[[ Records for this task open ]]

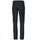 Pants Regular Length Alta Badia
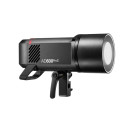 Godox Witstro AD600 Pro II akkusalama
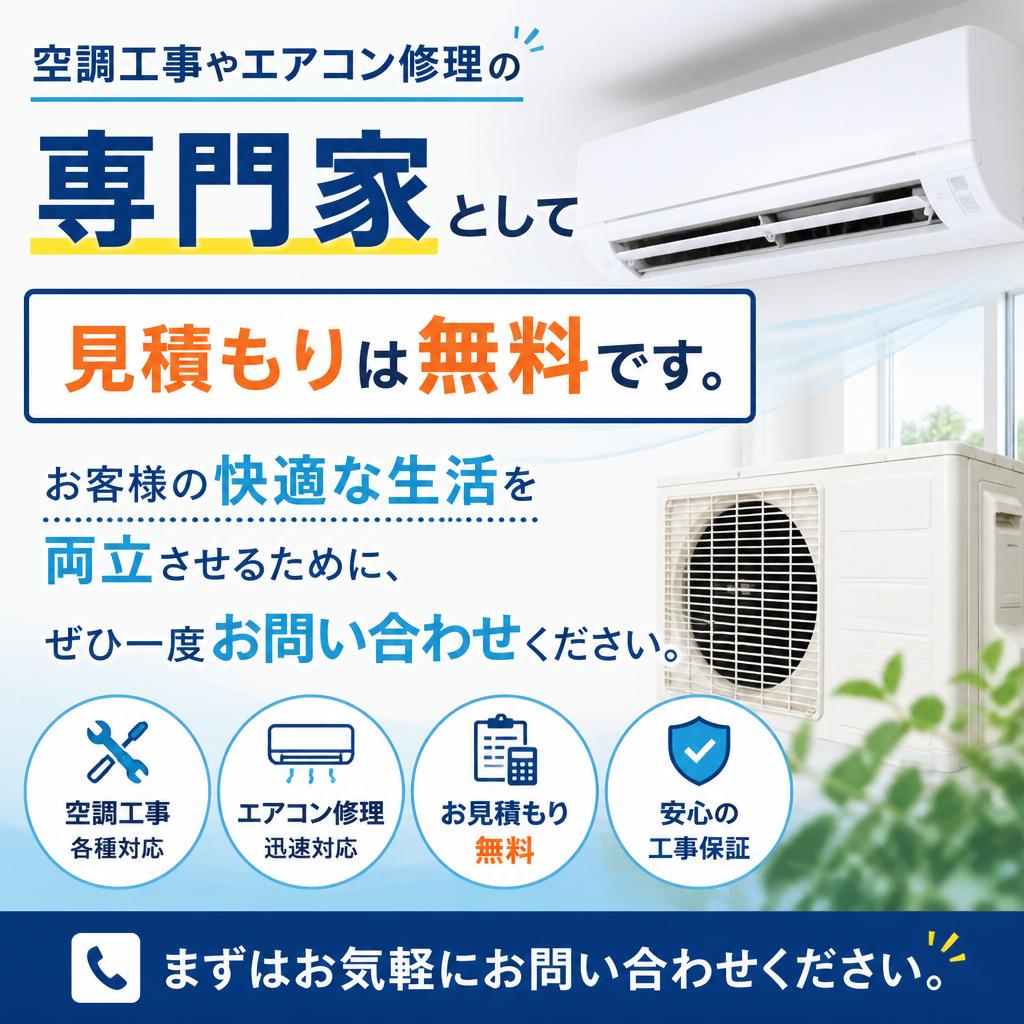 今すぐお問い合わせを！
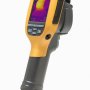 Тепловизор Fluke TI90 9HZ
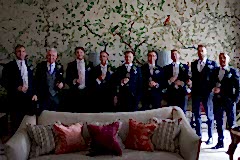 JENNIFER-JAMES-WEDDING-2021-0340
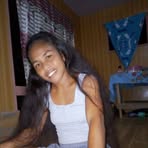 Felicity Hooper - Facebook
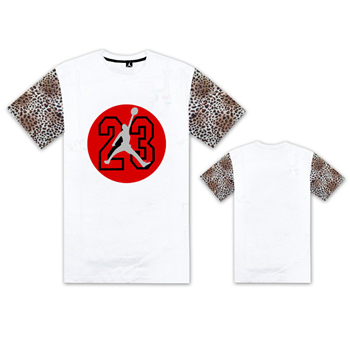 Jordan T-Shirts-792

[[ Records for this task closed ]]

What needs to be done
When you print the entries, keep every line exactly as it is and drop the pictures.

Output below
 Pants Regular Length Alta Badia
 Godox Witstro AD600 Pro II akkusalama
 今すぐお問い合わせを！
 Тепловизор Fluke TI90 9HZ
 JENNIFER-JAMES-WEDDING-2021-0340
 Felicity Hooper - Facebook
 Jordan T-Shirts-792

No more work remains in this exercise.